Ostatnim punktem programu tego dnia było oglądanie prac zakwalifikowanych do konkursu pokazów multimedialnych. Ze względu na ograniczenie czasowe Jury wybrało 27 najlepszych z 39 regulaminowych pokazów. Dzięki temu długość prezentacji była znośna, bo trwała około półtorej godziny. Padały głosy, że to i tak za dużo, ale z drugiej strony każdy uczestnik chciałby zobaczyć swoje dzieło na wielkim ekranie. Kompromis jest najlepszym wyjściem z sytuacji.

 

Drugi dzień festiwalowy otworzyła prezentacja przypominająca temat albumu ZPFP. Wszak wielu uczestników imprezy przyjeżdża tylko na jeden dzień, więc temat ważki warto powtórzyć.

Rybitwy

Zaraz po tym pojawił się Piotr Chara, wybitny i znany fotograf przyrody, laureat wielu konkursów, ale także wykładowca w „Akademii Nikona”. Piotr pokazał przepiękne zdjęcia różnych gatunków rybitw i opowiadał o ich niesamowitych zachowaniach. Pokazał także jak jego droga fotograficzna przekształciła się w drogę do czynnej ochrony tych ptaków. Swoją prelekcję prowadził w sposób tak zaangażowany i zapamiętały, że wystąpienie przedłużyło się o prawie 30 minut względem planu.

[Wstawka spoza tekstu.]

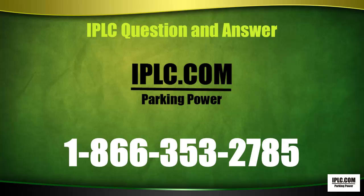IPLC Questions and Answers. Find us on the web at IPLC.com or call us toll-free at 1-866-353-2785.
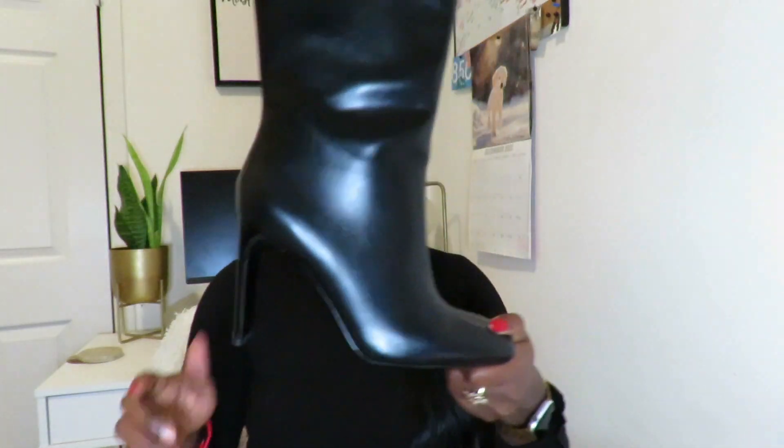These are the Heeled High Knee Boot — that's literally what they're called on Zara. As I showed you, the heel is beautiful, and they have a square toe box. I'm here for that because I have wide feet, so it's definitely easier on my foot versus a pointy toe box.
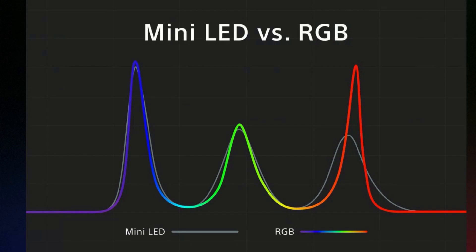But with an RGB LED backlight — that's the colored line — it's a narrower green and a much taller and narrower red in the spectrum, which gives you greater color volume and greater color gamut. Those are all really good things.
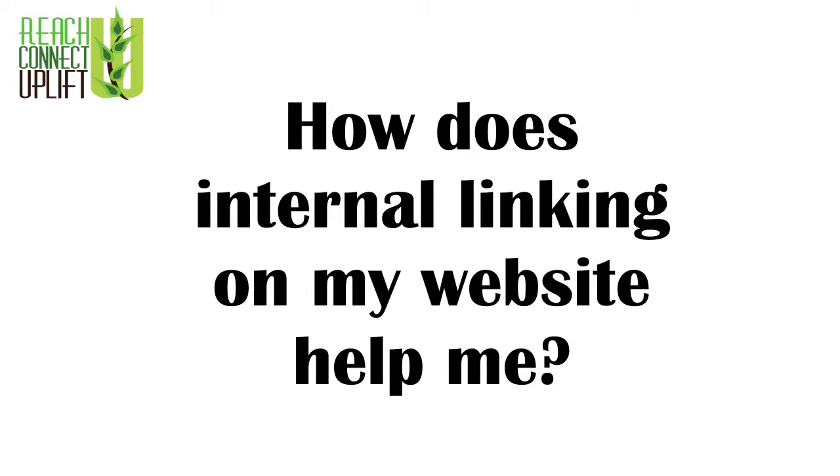How does internal linking on my website help me? Internal linking helps you by helping your visitor. You never want a visitor to come to a web page, finish reading that page, and not know where to go next. At the same time, if you have connected thoughts, themes, or anything on your website that connects to something else, you want to help drive that conversation — you want to drive a visitor's experience through your website, and you do that by linking to other things.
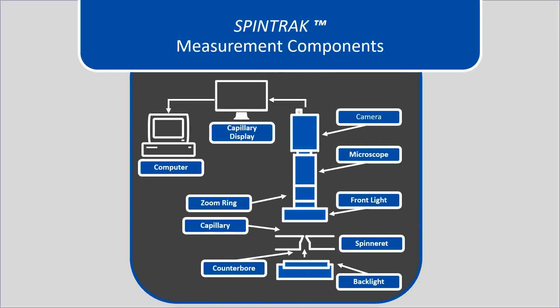Here are the Spintrack measurement components. The microscope is shown toward the center right, which includes an optical CCD camera on the top, a zoom ring, and a front light. The Spintrack spinneret is placed below the front light and above the back light. The capillary counterbore is located on the bottom and the capillary on the top.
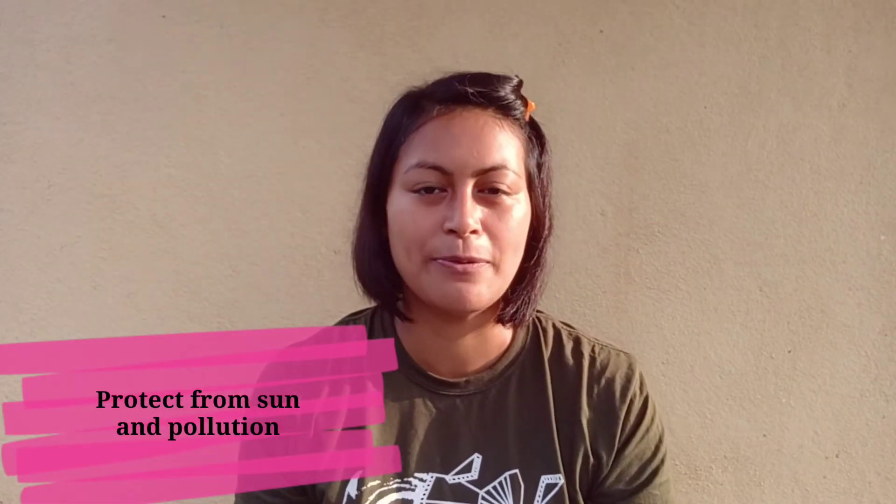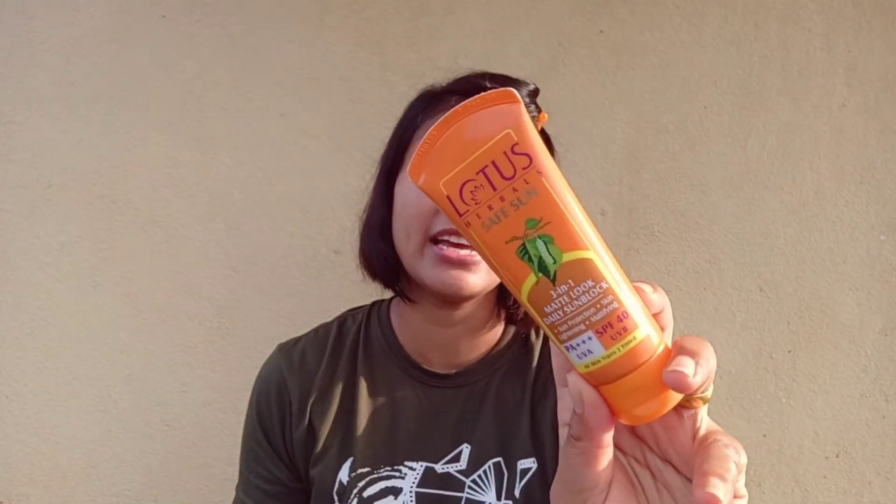The sun is out and I can feel my moisturizer is completely absorbed. The next product I'm going to apply is my sunscreen, which is the most important step in your skincare routine — it protects your skin from sun damage and even from pollution. Even if you use the most expensive products, if you don't protect your skin from the sun, nothing will help. I'm using the Lotus Herbals Safe Sun sunscreen with SPF 40 and PA+++ UVA and UVB protection, suitable for all skin types.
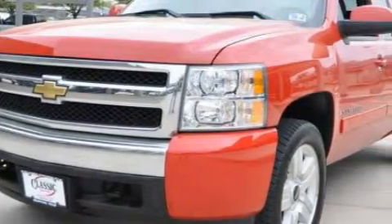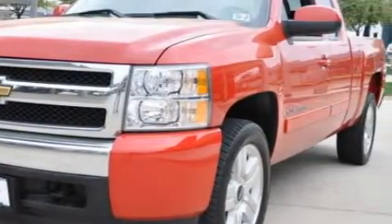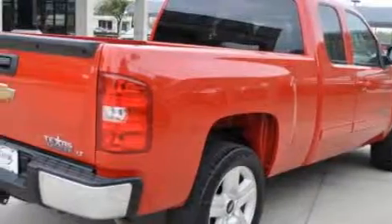The steadfast 8-cylinder engine, connected to an automatic transmission, has enough power to pull a trailer or cruise around town.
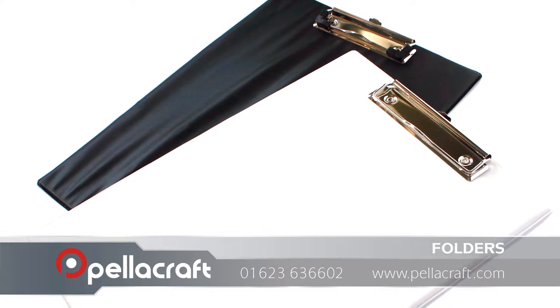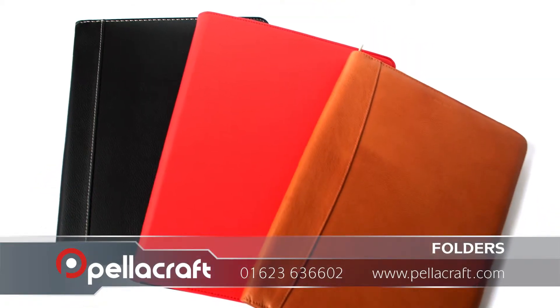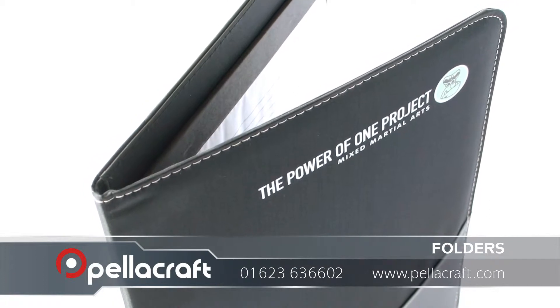For more up-close encounters, we provide a large range of different portfolios, perfect for giveaways to universities or simply making your company look more professional. Portfolios are an inexpensive promotional item which will bring in great return.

Mimo to, myślę, że nikt nie miał cienia żalu do Piotra, bo to co i w jaki sposób zaprezentował zasługuje na najwyższe uznanie.

Pomagamy zwierzętom

Podczas dłuższej przerwy można było wspomóc akcję dobroczynną na rzecz bezdomnych i potrzebujących zwierząt poprzez zakup ciast upieczonych przez członków Okręgu Mazowieckiego ZPFP. Tu ukłony w stronę Krzyśka Foryszewskiego, który całość „ogarnął”.

Islandzka wyprawa

Następnie Kasia Gubrynowicz zaprosiła nas na Islandię. Pokazała piękne fotografie i opowiedziała o logistyce całego przedsięwzięcia. Wyzwanie było duże, bo wielu wybitnych fotografów pokazywało już swoje zdjęcia z Islandii przed Kasią. Jeśli o mnie chodzi, to coraz trudniej jest mi się zachwycić dziką, ale jednocześnie bardzo wyeksploatowaną fotograficznie przyrodą tego kraju. Jednakowoż duże brawa za odwagę, bo całą wyprawę Kasia odbyła samotnie. Można? Można!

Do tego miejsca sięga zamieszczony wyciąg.